### YOUR TASK
Please copy the lines below, exactly as they are, from the one with "Deux menus de" through the one with "Bright living room", and leave out the pictures.

### MATERIAL PROVIDED
╔══

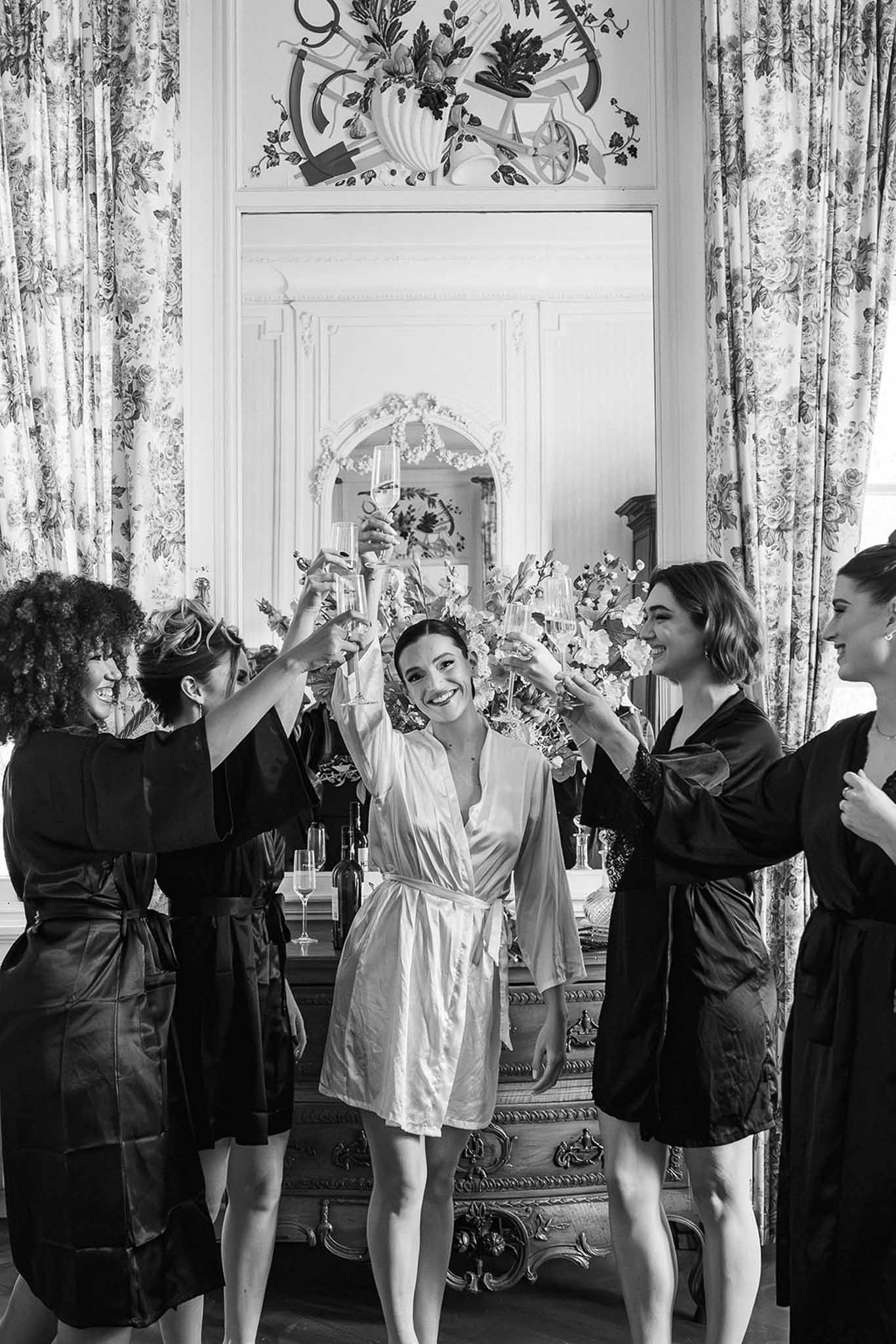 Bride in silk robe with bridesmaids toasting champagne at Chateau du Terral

╚══
╔══

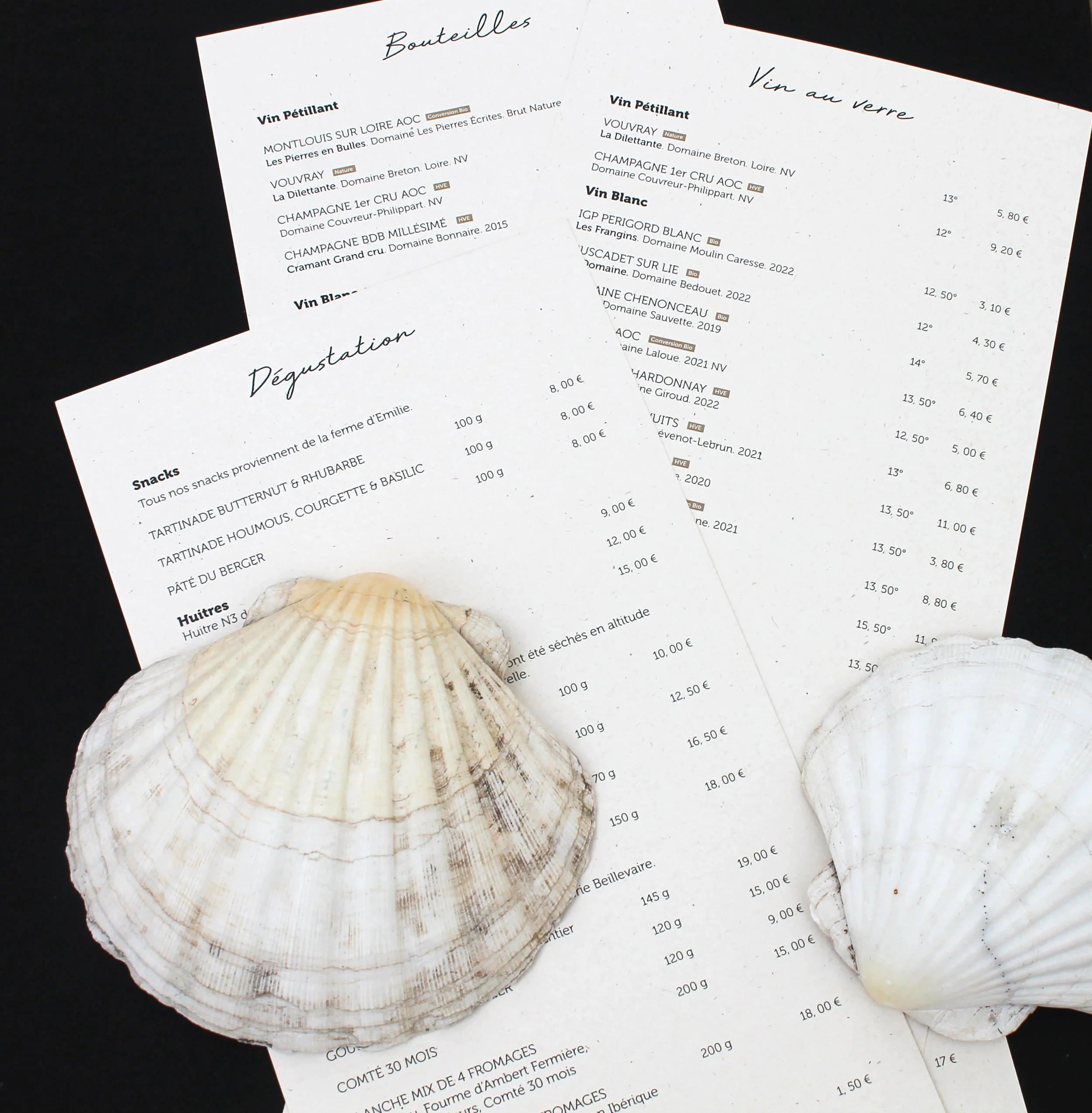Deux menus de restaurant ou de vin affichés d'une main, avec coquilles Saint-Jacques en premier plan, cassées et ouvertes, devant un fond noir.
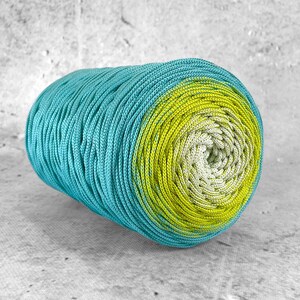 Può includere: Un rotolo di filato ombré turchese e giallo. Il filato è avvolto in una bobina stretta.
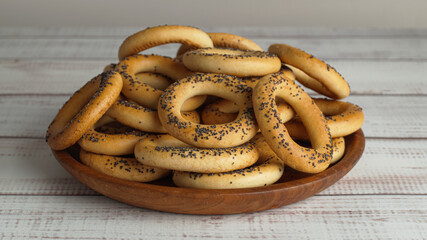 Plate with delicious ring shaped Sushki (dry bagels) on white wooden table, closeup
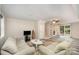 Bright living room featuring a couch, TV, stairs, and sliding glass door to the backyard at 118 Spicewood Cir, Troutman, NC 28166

╚══

### RESULT OF THIS EXERCISE
Deux menus de restaurant ou de vin affichés d'une main, avec coquilles Saint-Jacques en premier plan, cassées et ouvertes, devant un fond noir.
 Può includere: Un rotolo di filato ombré turchese e giallo. Il filato è avvolto in una bobina stretta.
 Plate with delicious ring shaped Sushki (dry bagels) on white wooden table, closeup
 Bright living room featuring a couch, TV, stairs, and sliding glass door to the backyard at 118 Spicewood Cir, Troutman, NC 28166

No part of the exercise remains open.